▶ [Required action]: Could you set down exactly the lines of the data below, starting at the one that holds "Kitchen with stainless" and ending at the one that holds "Tissu bleu clair", both included, and only those?

▶ [Input records]:
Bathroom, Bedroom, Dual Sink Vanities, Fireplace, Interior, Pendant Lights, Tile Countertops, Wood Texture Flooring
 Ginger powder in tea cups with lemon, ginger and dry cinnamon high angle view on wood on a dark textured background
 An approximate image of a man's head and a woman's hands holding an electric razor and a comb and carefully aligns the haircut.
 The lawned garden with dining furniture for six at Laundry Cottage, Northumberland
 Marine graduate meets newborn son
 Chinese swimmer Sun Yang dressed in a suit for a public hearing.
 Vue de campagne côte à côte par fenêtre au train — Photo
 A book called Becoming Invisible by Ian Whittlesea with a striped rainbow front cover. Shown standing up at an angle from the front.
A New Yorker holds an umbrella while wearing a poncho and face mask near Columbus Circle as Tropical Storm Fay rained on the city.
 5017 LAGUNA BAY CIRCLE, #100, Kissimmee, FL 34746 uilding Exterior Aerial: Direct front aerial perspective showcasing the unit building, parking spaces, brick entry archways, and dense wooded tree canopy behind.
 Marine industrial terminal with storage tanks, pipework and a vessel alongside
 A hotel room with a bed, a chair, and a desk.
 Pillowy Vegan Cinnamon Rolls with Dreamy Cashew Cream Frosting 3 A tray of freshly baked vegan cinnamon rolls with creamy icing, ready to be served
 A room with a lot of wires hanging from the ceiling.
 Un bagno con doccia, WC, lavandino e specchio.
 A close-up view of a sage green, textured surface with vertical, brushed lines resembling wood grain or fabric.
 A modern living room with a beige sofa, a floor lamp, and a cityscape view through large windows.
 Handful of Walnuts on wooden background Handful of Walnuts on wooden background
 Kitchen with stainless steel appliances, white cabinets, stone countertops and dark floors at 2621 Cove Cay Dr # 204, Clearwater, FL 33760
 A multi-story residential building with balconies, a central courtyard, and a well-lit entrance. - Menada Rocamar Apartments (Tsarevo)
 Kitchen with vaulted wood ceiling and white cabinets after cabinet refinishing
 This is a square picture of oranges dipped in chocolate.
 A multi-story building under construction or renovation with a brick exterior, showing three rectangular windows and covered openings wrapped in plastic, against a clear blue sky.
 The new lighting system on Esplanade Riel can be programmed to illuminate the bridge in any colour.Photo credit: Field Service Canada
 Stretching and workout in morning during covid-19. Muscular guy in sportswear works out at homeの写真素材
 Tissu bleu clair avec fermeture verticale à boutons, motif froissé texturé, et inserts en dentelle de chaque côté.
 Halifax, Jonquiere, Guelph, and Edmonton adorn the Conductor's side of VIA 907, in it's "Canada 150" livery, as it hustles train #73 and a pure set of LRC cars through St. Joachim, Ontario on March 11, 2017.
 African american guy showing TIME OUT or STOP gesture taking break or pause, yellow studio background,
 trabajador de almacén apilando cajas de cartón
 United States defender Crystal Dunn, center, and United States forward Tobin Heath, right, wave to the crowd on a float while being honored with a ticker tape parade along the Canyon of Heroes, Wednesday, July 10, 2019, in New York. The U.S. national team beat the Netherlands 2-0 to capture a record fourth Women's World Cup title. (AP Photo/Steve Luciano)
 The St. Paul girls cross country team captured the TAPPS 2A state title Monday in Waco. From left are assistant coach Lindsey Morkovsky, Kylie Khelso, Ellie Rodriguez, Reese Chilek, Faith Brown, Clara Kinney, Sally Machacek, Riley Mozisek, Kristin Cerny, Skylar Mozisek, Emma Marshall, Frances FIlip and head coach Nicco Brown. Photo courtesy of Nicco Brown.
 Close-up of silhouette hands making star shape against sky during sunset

▶ [Solution below]:
 Kitchen with stainless steel appliances, white cabinets, stone countertops and dark floors at 2621 Cove Cay Dr # 204, Clearwater, FL 33760
 A multi-story residential building with balconies, a central courtyard, and a well-lit entrance. - Menada Rocamar Apartments (Tsarevo)
 Kitchen with vaulted wood ceiling and white cabinets after cabinet refinishing
 This is a square picture of oranges dipped in chocolate.
 A multi-story building under construction or renovation with a brick exterior, showing three rectangular windows and covered openings wrapped in plastic, against a clear blue sky.
 The new lighting system on Esplanade Riel can be programmed to illuminate the bridge in any colour.Photo credit: Field Service Canada
 Stretching and workout in morning during covid-19. Muscular guy in sportswear works out at homeの写真素材
 Tissu bleu clair avec fermeture verticale à boutons, motif froissé texturé, et inserts en dentelle de chaque côté.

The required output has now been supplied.